The example config file below illustrates all the available configuration options.

 loud              0                  # Run loudly
 subject           task_schedule: task  # Subject line of emails
 email             1                  # Set to 0 to disable emails (alert, notify)
 timeout           1000               # Default tool timeout
 heartbeat_timeout 120                # Maximum age of heartbeat file (seconds)
 iterations        0                  # Maximum task iterations.  Zero => no limit.
 master_log        watch_cron.log     # Master log (from all tasks) if checking is enabled
 
 # Data files and directories.  The *_dir vars can have $ENV{} vars which
 # get interpolated.  The '/task' would be replaced by the actual task name.
 data_dir       $ENV{SKA_DATA}/task          # Data file directory
 log_dir        $ENV{SKA_DATA}/task/logs     # Log file directory
 bin_dir        $ENV{SKA_SHARE}/task         # Bin dir (optional, see task def'n)
 heartbeat      task_sched_heartbeat         # File to ensure sched. running (in data_dir)
 heart_attack   task_sched_heart_attack      # File to kill task_schedule nicely
 disable_alerts task_sched_disable_alerts    # File to stop alerts from being sent
 disable_alerts 0                            # If set to a false value then never disable alerts
 ## Master File that will kill all $ENV{SKA} task_schedules nicely 
 ## (don't change this in the local config unless you really know what you are doing)
 # master_heart_attack $ENV{SKA_DATA}/task_schedule/master_heart_attack
 ## File that will prevent master_heart_attack from having an effect.  This is for
 ## some jobs (e.g. Replan Central) that should generally just keep on trying
 ## because they don't update corruptable data products.
 # no_master_heart_attack task_sched_no_master_heart_attack
 # Email addresses that receive an alert if there was a severe error in
 # running jobs (i.e. couldn't start jobs or couldn't open log file).

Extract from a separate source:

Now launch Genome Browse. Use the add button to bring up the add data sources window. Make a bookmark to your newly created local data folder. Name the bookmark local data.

 # Processing errors *within* the jobs are caught with watch_cron_logs
 alert       first_person@head.cfa.harvard.edu
 alert       another_person@head.cfa.harvard.edu
 # Email addresses that receive notification that task ran.  This
 # will be sent once per task cron interval, so this list should
 # probably be left empty for tasks running every minute!
 notify      first_person@head.cfa.harvard.edu
 notify      another_person@head.cfa.harvard.edu
 # Optional message to include in the notification email
 notify_msg <<NOTIFY
  Please see the web page to check on the weather:
  http://weather.yahoo.com/forecast/USNH0169_f.html
 NOTIFY
 # Define task parameters
 #  cron: Job repetition specification ala crontab.  Defaults to '* * * * *'
 #  check_cron: Crontab specification of log (processing) checks via watch_cron_logs.

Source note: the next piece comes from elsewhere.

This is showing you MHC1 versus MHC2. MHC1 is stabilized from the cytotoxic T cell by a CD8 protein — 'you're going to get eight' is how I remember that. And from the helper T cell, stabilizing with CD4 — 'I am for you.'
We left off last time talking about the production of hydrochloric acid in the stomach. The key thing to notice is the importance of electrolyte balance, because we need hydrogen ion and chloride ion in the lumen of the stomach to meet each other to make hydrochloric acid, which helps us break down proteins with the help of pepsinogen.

 #        Defaults to '0 0 * * *'.  
 #  exec: Name of executable.  Can have $ENV{} vars which get interpolated.  
 #        If bin_dir is defined then bin_dir is prepended to non-absolute exec names.
 #  log: Name of log.  Can have $ENV{} vars which get interpolated.
 #        If log is set to '' then no log file will be created (not recommended)
 #        If log is not defined it is set to <task_name>.log.
 #        If log_dir is defined then log_dir is prepended to non-absolute log names.
 #  timeout: Maximum time (seconds) for job before timing out
 #  check: Specify reg-ex's to watch for in output from task1.  This is done
 #         with a call to watch_cron_logs based on this definition.  Flagged
 #         errors are sent to the alert list.  If no <check ..> 
 #         parameter is given then no checking is done.  See
 #         watch_cron_logs doc for more info.  If an alert is sent then further
 #         alerts are disabled until the file specified by disable_alerts
 #         in the data directory is removed.
 # Typical task setup to run something called task1.pl with argument 20
 # and a few checks for error/warning messages.  The '*' glob for the
 # check file means to look in any file in the log directory.
 # This example runs every minute and checks the output logs once a day
 # at 1am.  At that time the log output is archived in daily.? directories.
  <task task1>
        cron       * * * * *
        check_cron 0 1 * * *
        exec task1.pl 20
        timeout 15
        <check>
           <error>
             #    File          Reg. Expression (case insensitive)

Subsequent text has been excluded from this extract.